Así que cuando a última hora de la tarde del decimoctavo día de junio de 1848, mientras los hombres hacían el segundo turno de arrastre de botes aquel día, la tercera pierna de Blanky se rompió justo por debajo del muñón sangrante de su rodilla, se lo tomó como una señal.
El doctor Goodsir tenía poco trabajo para él aquella tarde, de modo que Blanky había vuelto cojeando junto a los botes en el segundo turno de arrastre de aquel día interminable, cuando el pie y la pierna quedaron atrapados entre dos rocas inamovibles y la pierna se rompió por arriba. Él se tomó aquella rotura y su inusual advenimiento casi al final de la marcha como una señal de los dioses, también.
Encontró una roca cercana, se puso lo más cómodo que pudo, sacó la pipa y metió en ella la última pizca de tabaco que llevaba semanas guardando.
Cuando algunos de los marineros se detuvieron en su camino para preguntarle qué estaba haciendo, Blanky dijo:
—Sólo me siento un poquito. Le doy un poco de descanso al muñón.
El sargento Tozer, que estaba a cargo de los marines de retaguardia aquel día soleado, preguntó cansadamente a Blanky por qué dejaba pasar a la procesión junto a él, y éste respondió:
—No se preocupe, Soloman. —Siempre le había gustado irritar al estúpido sargento usando su nombre de pila—. Siga adelante con los casacas rojas que le quedan y déjeme en paz.

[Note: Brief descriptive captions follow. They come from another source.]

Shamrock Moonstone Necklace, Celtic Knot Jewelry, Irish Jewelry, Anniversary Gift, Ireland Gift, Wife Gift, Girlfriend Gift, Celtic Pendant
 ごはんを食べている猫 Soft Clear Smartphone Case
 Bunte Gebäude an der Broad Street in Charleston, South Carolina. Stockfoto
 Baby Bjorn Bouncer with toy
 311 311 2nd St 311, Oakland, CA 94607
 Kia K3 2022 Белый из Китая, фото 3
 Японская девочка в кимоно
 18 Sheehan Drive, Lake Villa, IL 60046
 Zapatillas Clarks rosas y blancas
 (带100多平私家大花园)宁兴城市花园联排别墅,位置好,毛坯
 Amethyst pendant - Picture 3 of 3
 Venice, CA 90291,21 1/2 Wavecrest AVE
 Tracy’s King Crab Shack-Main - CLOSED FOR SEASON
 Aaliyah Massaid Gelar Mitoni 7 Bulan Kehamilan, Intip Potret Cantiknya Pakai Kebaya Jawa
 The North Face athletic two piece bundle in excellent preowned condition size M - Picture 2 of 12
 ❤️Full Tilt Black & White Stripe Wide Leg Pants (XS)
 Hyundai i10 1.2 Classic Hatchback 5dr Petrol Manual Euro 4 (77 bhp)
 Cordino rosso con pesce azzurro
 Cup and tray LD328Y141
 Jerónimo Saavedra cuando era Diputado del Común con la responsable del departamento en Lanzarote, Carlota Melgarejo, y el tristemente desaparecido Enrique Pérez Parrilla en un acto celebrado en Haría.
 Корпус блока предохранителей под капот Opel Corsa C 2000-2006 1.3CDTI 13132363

Media hora después, cuando los últimos botes estaban a cientos de metros hacia el sur de donde él se encontraba, el capitán Crozier volvió hacia él con el carpintero, el señor Honey.
—¿Qué demonios cree que está haciendo, señor Blanky? —le espetó Crozier.
—Descansando un poquito, capitán. He pensado que podía pasar la noche aquí.
—No sea tonto —dijo Crozier. Miró la pierna de madera rota y se volvió hacia el carpintero—. ¿Podría arreglar esto, señor Honey? ¿Hacerle una nueva mañana por la tarde, si el señor Blanky se sube a uno de los botes hasta entonces?
—Sí, claro, señor —dijo Honey, guiñando los ojos al ver la pierna rota, como un artesano que se lamenta de un fallo de una creación suya (o del maltrato que ha sufrido)—. No nos queda mucha madera, pero hay un timón extra de un esquife que trajimos como repuesto para las pinazas, y puedo convertirlo en una pierna nueva con toda facilidad.